Vokkaligas, Lingayats Gets Share in Reservation



    • Recently, the Karnataka Cabinet decided to categorise the two dominant communities, Vokkaligas and Lingayats, as “moderately backward” from the “backward” category in a move that could increase their share in reservation for Other Backward Classes (OBC).


    • Karnataka currently has 32% quota for OBC, and 17% and 7% quota for Scheduled Castes and Scheduled Tribes, respectively, taking the total to 56%.
    • The Panchamasali sub-sect of Veerashaiva Lingayats has demanded inclusion in the 2A category which has 15% quota from their current 3B category which has 5% quota.
    • The Vokkaliga community, which is currently in the 3A category, will be moved to a newly-created 2C category with 4% reservation.

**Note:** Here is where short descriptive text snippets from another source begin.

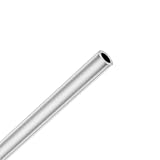 GLYIKAY 1PCS 6063 round Aluminum Tube, 32mm OD via 26mm inner Dia (ID) aluminum tubing, 300mm Length&12” length round Metal Tubing, with seamless long Aluminum round Tubes for DIY, Industry…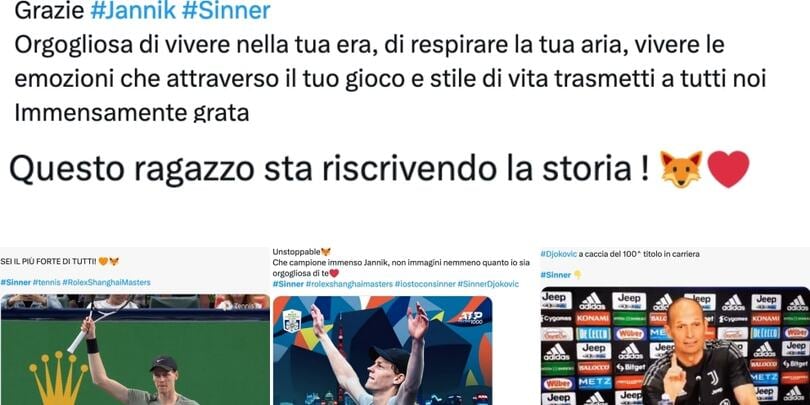 "Sta riscrivendo la storia", tifosi pazzi di Sinner: tutte le reazioni social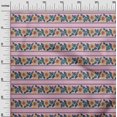thumbnail image 2 of oneOone Viscose Chiffon Fabric Leaves & Floral Block Decor Fabric Printed BTY 42 Inch Wide, 2 of 4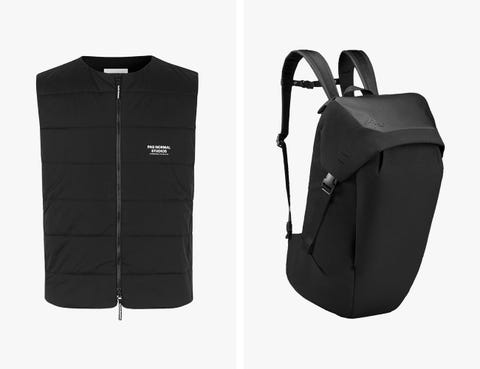 le mec vest and backpack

And the Lingayat community, which is in the 3B category, will now be in a new 2D category with 5% reservation.
    • The Cabinet ensures that there is no sub-categorisation of the Lingayat community.
    • It was decided on the basis of recommendations of the Karnataka State Commission for Backward Classes, which had submitted an interim report to Chief Minister Basavaraj Bommai on December 23.
    • The increase in reservation from the one granted currently to these communities — 4% for Vokkaligas and 5% for Lingayats — via redistribution of the EWS quota will be based on the population of various communities assessed by the Karnataka State Commission for Backward Classes.
    • Karnataka government will petition the Centre to approve the hike in the reservation by including it under Schedule 9 of the Constitution.
      • The Ninth Schedule contains a list of central and state laws which cannot be challenged in courts.
      • It became a part of the Constitution in 1951, when the document was amended for the first time.
      • It was created by the new Article 31B, which along with 31A was brought in by the government to protect laws related to agrarian reform and for abolishing the Zamindari system.
    • Lingayats are considered the most populous community in the state, followed by Vokkaligas.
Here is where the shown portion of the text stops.